=== Dataset records ===
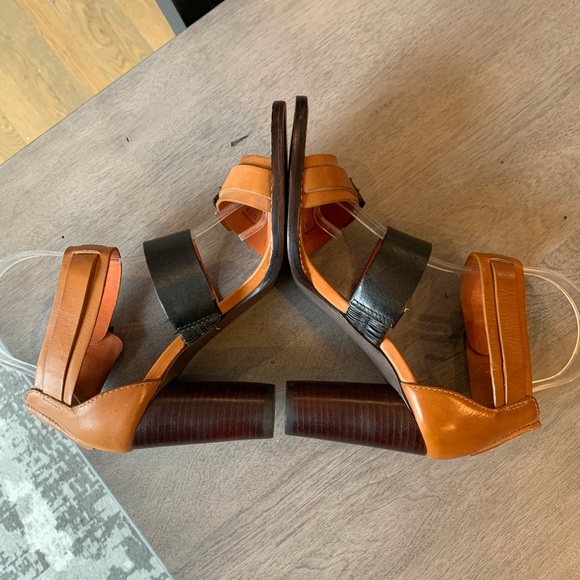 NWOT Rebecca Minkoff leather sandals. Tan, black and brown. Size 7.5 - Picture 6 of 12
==
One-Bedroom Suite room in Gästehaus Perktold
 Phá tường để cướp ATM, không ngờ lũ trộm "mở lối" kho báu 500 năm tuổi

=== Problem description ===
Quote the data above from the line containing "One-Bedroom Suite room in Gästehaus Perktold" to the line containing "Phá tường để", inclusive, and stop.

=== Result of the task ===
One-Bedroom Suite room in Gästehaus Perktold
 Phá tường để cướp ATM, không ngờ lũ trộm "mở lối" kho báu 500 năm tuổi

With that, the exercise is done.